Here’s the stark reality: Our industry’s failure to advance the state of building controls is responsible for the waste of at least 50 percent of the energy applied to comfort systems in typical buildings today. This article will explain why building control networks must be improved and outline the capabilities they must have to meet the ever-increasing demand for improved comfort and efficiency in buildings.
The State of Controls
The answer to where the controls industry is today is simple: As far as installed capabilities, it is very nearly where it was as far back as most of us can remember, as outdated technologies and approaches based on stand-alone single-input/single-output control (commonly called proportional-integral-derivative [PID] control) continue to be promulgated. Not only is almost nothing new being incorporated into controls, almost nothing new is even being considered. New advanced control methodologies should be the centerpiece of efforts to improve building efficiency, but too often are not even in the discussion. A major reason why are the limitations of the building control networks needed to tie building comfort components to organizational, analytical, and database support for highly effective control and oversight.
Efficiency Advances
A significant and unprecedented shift in the thermal characteristics of many building types is taking place. Envelopes, lighting, and other thermal components of buildings have become much more effective and efficient in recent years. Now, buildings in which nearly all thermal load appears and disappears with occupants can be designed. This has led to a paradigm shift in how buildings are conditioned. A shift from conditioning entire buildings to focusing conditioning on building occupants—whenever and wherever they are in buildings—is taking place.

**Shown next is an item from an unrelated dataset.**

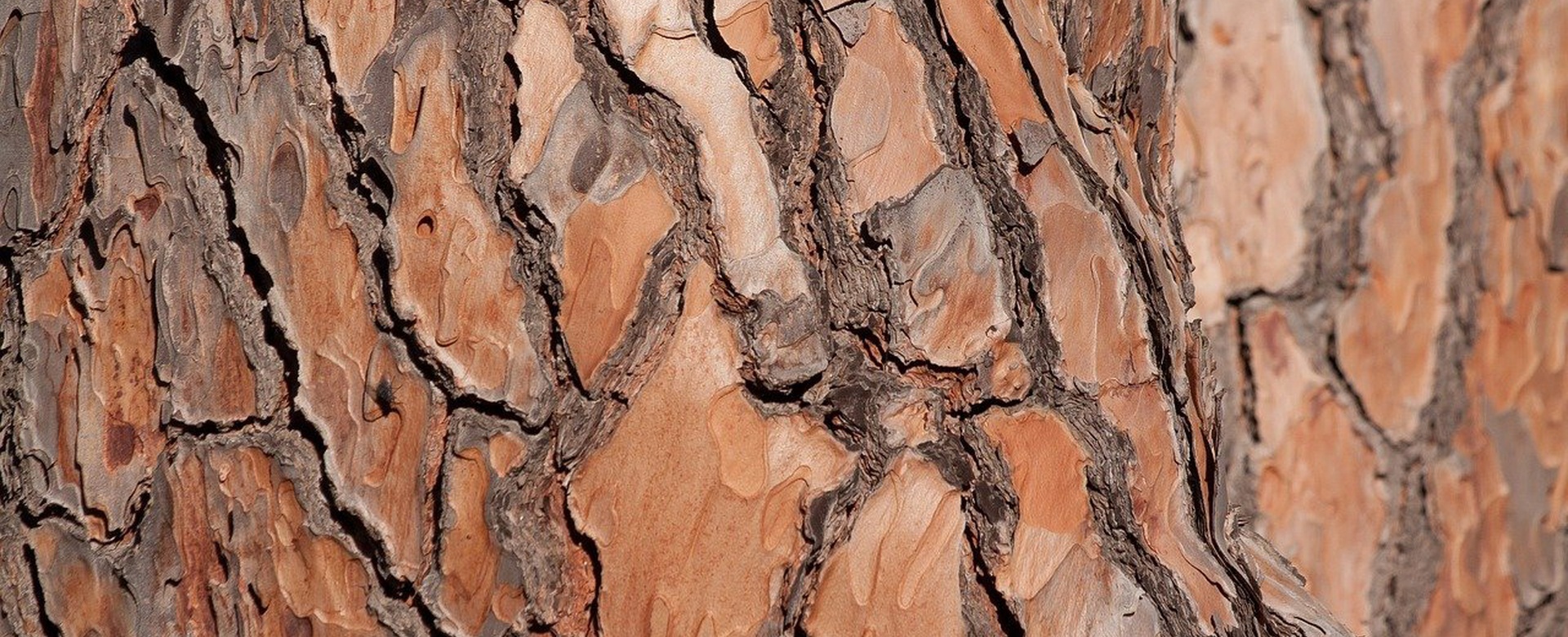 Монтаж домокомплекта "Астрид"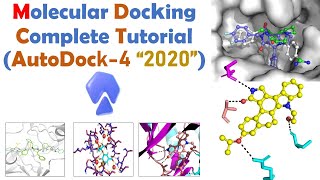 Molecular docking for Beginners  Autodock Full Tutorial  Bioinformatics [upl. by Mandych]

Because buildings nearly never are fully occupied, significant reductions in energy use can be realized by eliminating the energy now being wasted conditioning unoccupied spaces. In most buildings today, that is not possible because spaces continue to be conditioned as they were generations ago, with large zones and little, if any, feedback regarding occupancy status. This is related directly to the limitations—primarily a lack of network and network-service capabilities—in today’s building control systems.
Trends in Building Comfort Systems
As demand for more-energy-efficient buildings has increased, designers have begun to understand the importance of directing comfort conditioning, ventilation air, and other services to occupants. But because setting up the control networks and network services needed to support such schemes is so expensive and difficult, efforts largely have been stymied. For the moment, let’s set aside these all-too-real constraints and discuss how building comfort systems operate today and how they can and should be made to work more efficiently and effectively.
Today’s comfort zones generally are quite large—typically, 600 to 1,200 or more square feet—and encompass a number of occupants, sometimes in separate enclosed areas. Nevertheless, the source of feedback regarding space conditions in a zone almost always is a single temperature sensor. Because of the stand-alone nature of today’s control strategies, space-temperature values seldom are used for control beyond individual zones. Figure 1 shows the configuration and flow of resources in a typical building comfort system today.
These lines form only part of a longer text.